- [Exercise aim] Below are records; extract exactly the lines from the one with "50-Pack Inspirational Christian" through the final line, including both, but drop the pictures.

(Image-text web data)
○ ○ ○
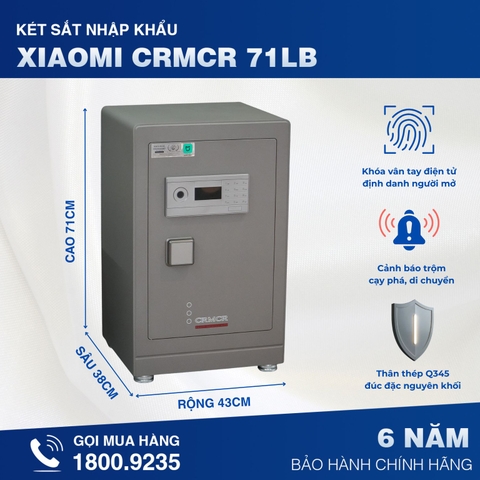 Két Sắt Nhập Khẩu Xiaomi CRMCR 71LB Khóa Vân Tay Điện Tử Định Danh Người Mở
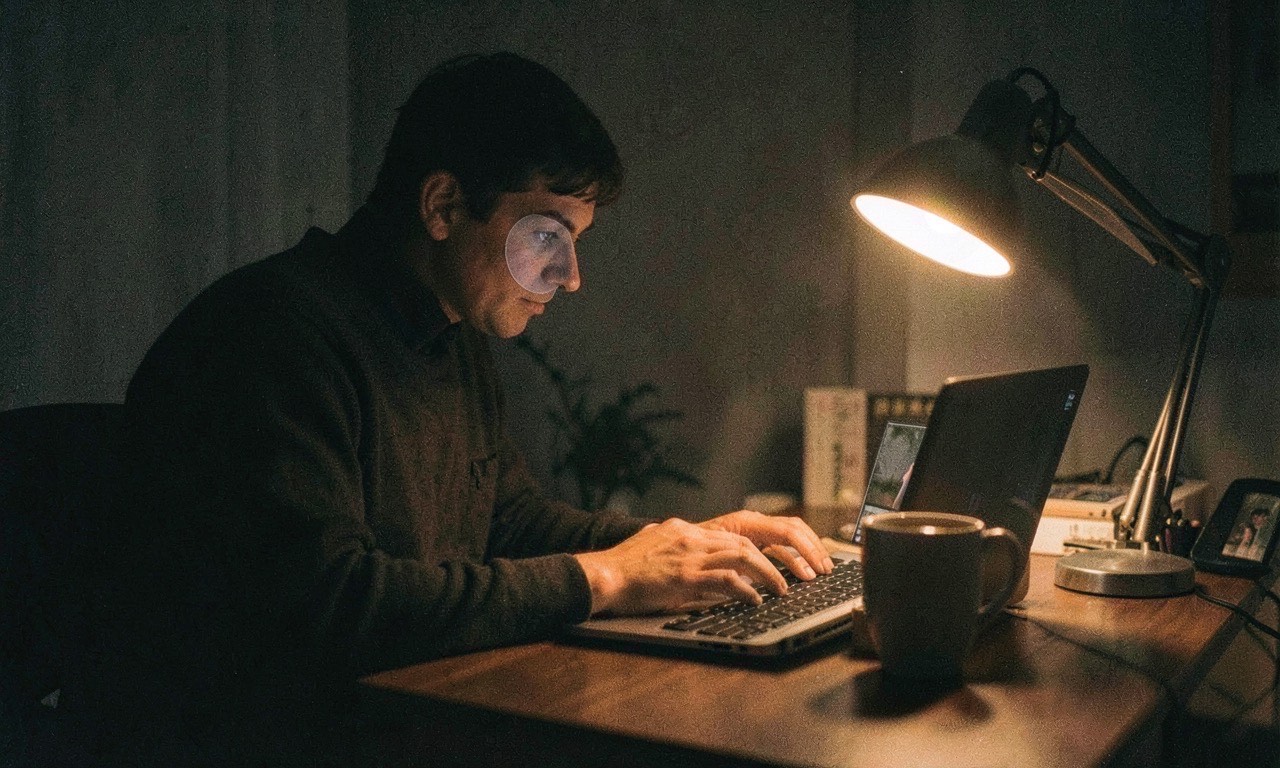 Person working on laptop in dark room with privacy sticker over webcam, warm desk lamp, documentary style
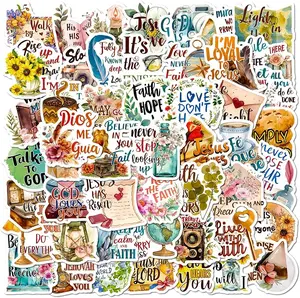 50-Pack Inspirational Christian Stickers Waterproof Vinyl Jesus Bible Verse Decals for Scrapbooking Journals Laptops Water Bottles Faith Quotes Religious Gifts for Christians scrapbook supplies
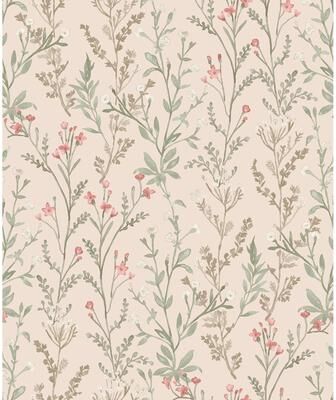 Chesapeake Laverne Blush Wildflowers Wallpaper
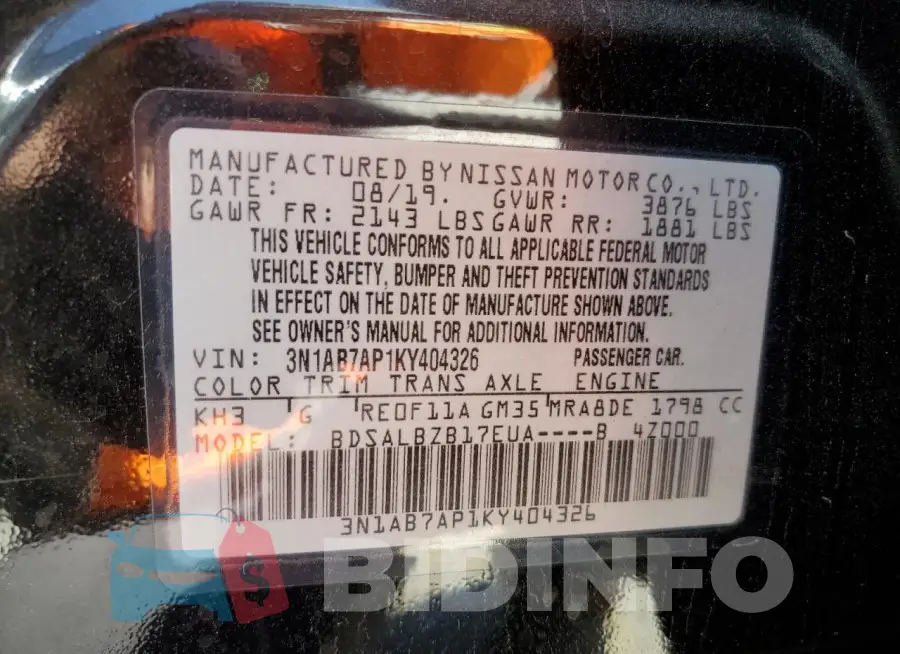 3N1AB7AP1KY404326 Photo# 12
○ ○ ○
- [Answer below]
 50-Pack Inspirational Christian Stickers Waterproof Vinyl Jesus Bible Verse Decals for Scrapbooking Journals Laptops Water Bottles Faith Quotes Religious Gifts for Christians scrapbook supplies
 Chesapeake Laverne Blush Wildflowers Wallpaper
 3N1AB7AP1KY404326 Photo# 12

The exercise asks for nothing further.